## Assignment
When you copy the material below, keep every line exact and leave each picture out.

## Given information
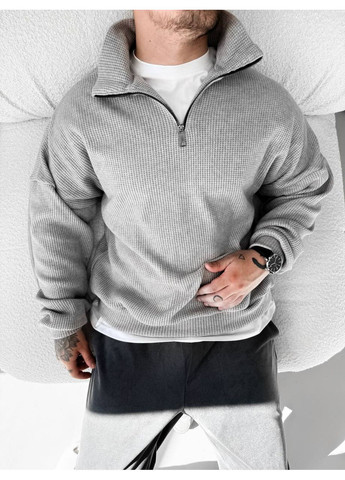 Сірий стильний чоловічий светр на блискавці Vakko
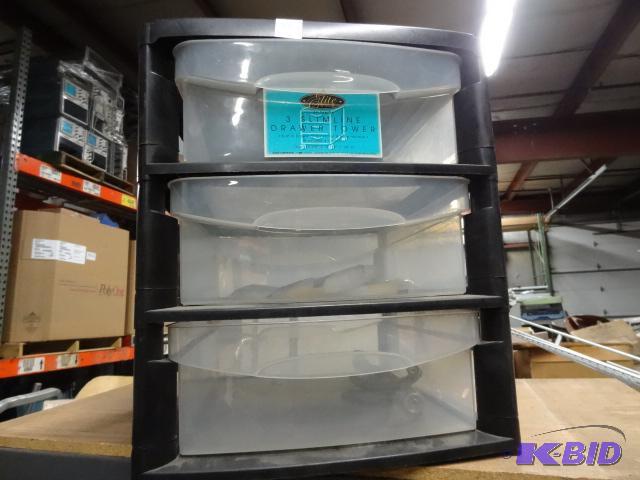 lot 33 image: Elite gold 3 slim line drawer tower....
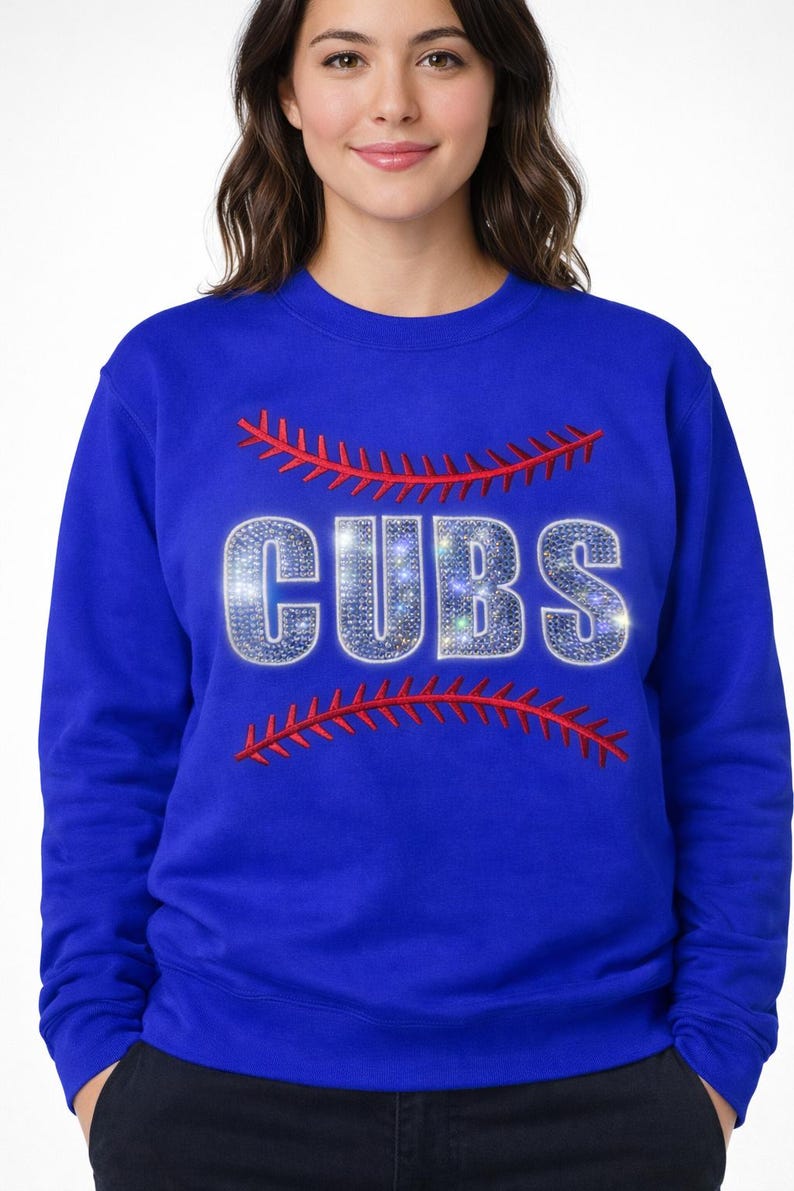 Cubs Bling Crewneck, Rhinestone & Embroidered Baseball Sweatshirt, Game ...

## Exercise output
 Сірий стильний чоловічий светр на блискавці Vakko
 lot 33 image: Elite gold 3 slim line drawer tower....
 Cubs Bling Crewneck, Rhinestone & Embroidered Baseball Sweatshirt, Game ...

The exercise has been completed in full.